■ **ACTIVITY**: When you transcribe the data below, reproduce every line exactly and leave each picture out.
◇ ◇ ◇
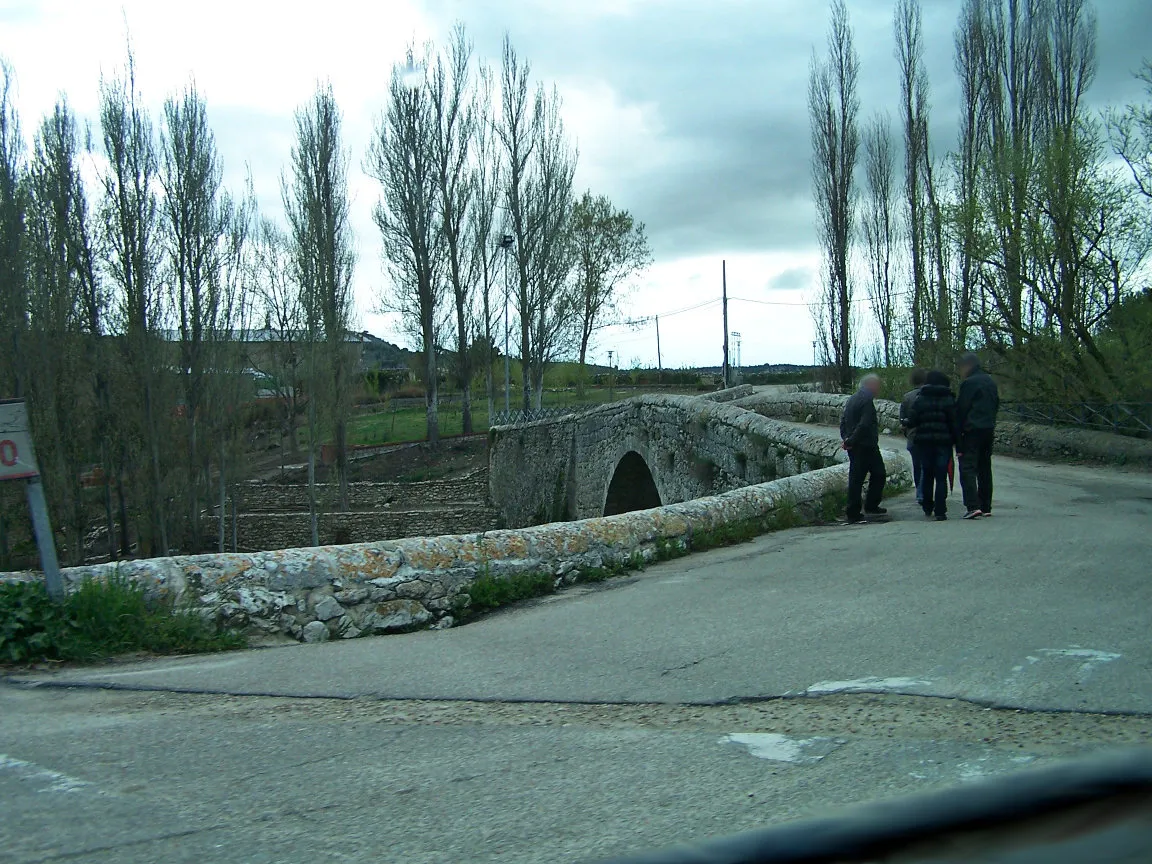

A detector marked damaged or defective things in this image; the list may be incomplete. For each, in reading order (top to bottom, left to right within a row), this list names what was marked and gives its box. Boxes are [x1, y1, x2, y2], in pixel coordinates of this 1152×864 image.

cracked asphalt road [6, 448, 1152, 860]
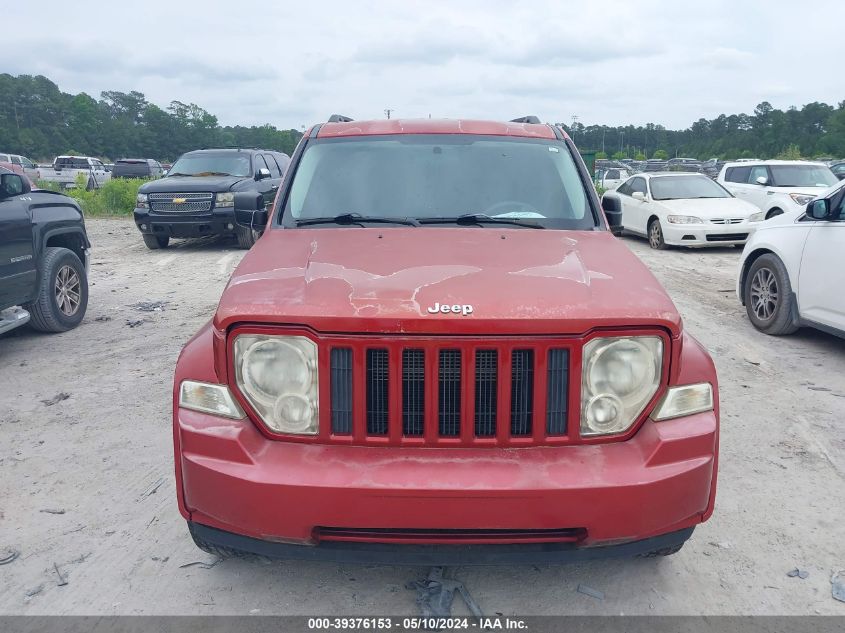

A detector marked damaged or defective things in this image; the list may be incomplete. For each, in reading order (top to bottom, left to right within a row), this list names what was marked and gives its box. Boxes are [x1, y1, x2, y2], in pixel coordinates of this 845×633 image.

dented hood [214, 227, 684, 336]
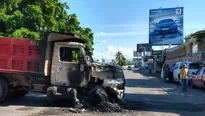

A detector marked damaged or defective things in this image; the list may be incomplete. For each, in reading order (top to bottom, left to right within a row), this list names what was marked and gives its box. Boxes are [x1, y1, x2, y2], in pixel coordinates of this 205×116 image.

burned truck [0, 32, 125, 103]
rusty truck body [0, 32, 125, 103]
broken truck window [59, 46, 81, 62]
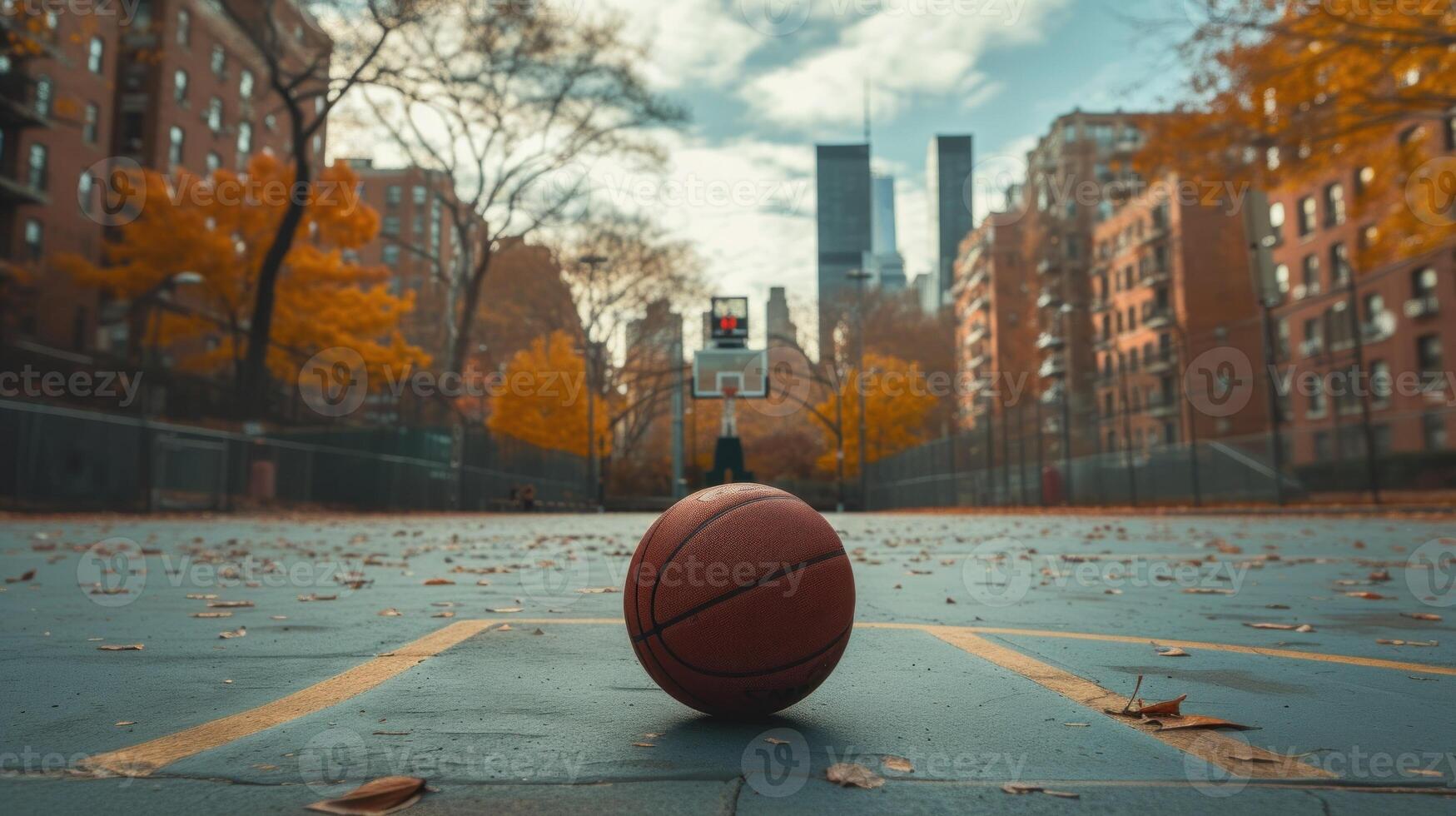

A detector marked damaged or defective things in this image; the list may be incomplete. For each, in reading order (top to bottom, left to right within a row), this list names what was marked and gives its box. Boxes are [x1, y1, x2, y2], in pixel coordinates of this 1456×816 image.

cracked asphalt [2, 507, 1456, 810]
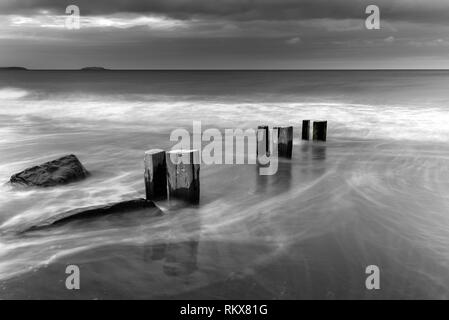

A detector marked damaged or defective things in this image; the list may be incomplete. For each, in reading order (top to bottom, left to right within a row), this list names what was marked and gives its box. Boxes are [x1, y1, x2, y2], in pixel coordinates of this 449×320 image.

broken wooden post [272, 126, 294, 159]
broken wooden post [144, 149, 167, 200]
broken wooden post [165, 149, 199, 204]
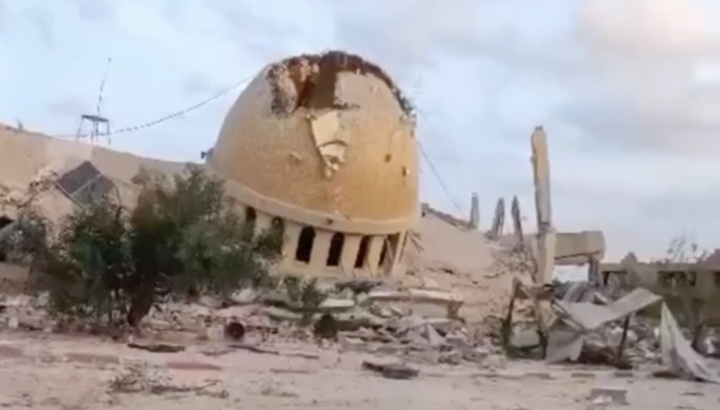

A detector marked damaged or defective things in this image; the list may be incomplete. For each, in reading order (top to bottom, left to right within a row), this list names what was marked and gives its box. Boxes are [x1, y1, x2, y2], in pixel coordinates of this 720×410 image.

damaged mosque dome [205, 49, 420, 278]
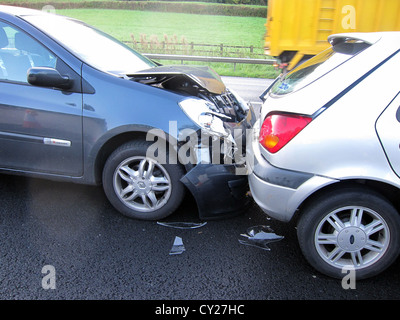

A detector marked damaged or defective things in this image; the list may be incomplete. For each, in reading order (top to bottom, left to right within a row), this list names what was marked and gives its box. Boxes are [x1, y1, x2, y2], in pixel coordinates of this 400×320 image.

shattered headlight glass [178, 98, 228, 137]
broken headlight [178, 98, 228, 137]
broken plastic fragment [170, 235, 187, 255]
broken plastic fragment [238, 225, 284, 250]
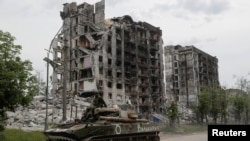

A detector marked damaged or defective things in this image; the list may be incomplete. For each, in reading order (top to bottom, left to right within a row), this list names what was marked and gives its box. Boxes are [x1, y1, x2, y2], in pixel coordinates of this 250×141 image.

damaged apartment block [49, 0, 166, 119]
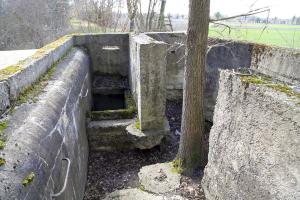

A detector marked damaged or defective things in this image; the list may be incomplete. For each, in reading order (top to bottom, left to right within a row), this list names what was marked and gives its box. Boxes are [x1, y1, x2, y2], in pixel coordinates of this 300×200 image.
◇ ◇ ◇
■ **PROBLEM SOLUTION**:
A detector marked damaged or defective things in this image; the list may be incomplete. For each, in reading order (top to bottom, left to right within a row), this list names what was marked and gives its box. Boxes are [x1, y1, x2, y2], in pixel coordinates of this 1152×864 image.

cracked asphalt road [6, 448, 1152, 860]

A detector marked damaged or defective things in this image; the list may be incomplete. For each, in reading order (top to bottom, left to right within a row), this list names what was marked and gives its box. Boxes are [x1, y1, x2, y2], in pixel coordinates of this 845×633 image.

dented hood [214, 227, 684, 336]

A detector marked damaged or defective things in this image; the list may be incomplete. For each, in reading order (top to bottom, left to right within a row), this list names what was marked and gives its box. Boxes are [x1, y1, x2, y2], in pixel coordinates of this 205×116 image.

burned truck [0, 32, 125, 103]
rusty truck body [0, 32, 125, 103]
broken truck window [59, 46, 81, 62]

A detector marked damaged or defective things in this image; the list may be incomplete. For each, in reading order (top to bottom, left to right within a row), this list names what was marked and gives its box. Boxes are [x1, y1, x2, y2], in pixel coordinates of this 1456×816 image.

cracked asphalt [2, 507, 1456, 810]

A detector marked damaged or defective things in this image; the list may be incomplete. For each, in reading order (top to bottom, left to right within a row), this list names what was marked and gives its box. Boxes are [x1, y1, x2, y2], in pixel coordinates of this 449×320 image.

broken wooden post [272, 126, 294, 159]
broken wooden post [144, 149, 167, 200]
broken wooden post [165, 149, 199, 204]

A detector marked damaged or defective things in this image; the list may be incomplete. For each, in reading order (top to bottom, left to right within a row), this list names what was marked and gives its box. Boxes are [x1, y1, x2, y2], in pixel coordinates of this 720×410 image.

damaged mosque dome [205, 49, 420, 278]

A detector marked damaged or defective things in this image; the list may be incomplete. For each, in reading order (top to bottom, left to right within a row), this list names what was marked and gives its box. Boxes are [x1, y1, x2, y2], in pixel coordinates of this 400×320 image.

shattered headlight glass [178, 98, 228, 137]
broken headlight [178, 98, 228, 137]
broken plastic fragment [170, 235, 187, 255]
broken plastic fragment [238, 225, 284, 250]

A detector marked damaged or defective things in this image; the list may be incomplete. For each, in reading order (top to bottom, left to right within a row), this list names what was marked and gives its box. Boxes are [x1, y1, x2, y2], in pixel coordinates of this 250×141 image.

damaged apartment block [49, 0, 166, 119]

A detector marked damaged or defective things in this image; the list may be incomplete. For each, in reading order (top to bottom, left to right within a row), this list names what was marked and gives its box. Boxes are [x1, y1, x2, y2], in pixel coordinates of this 300×200 image.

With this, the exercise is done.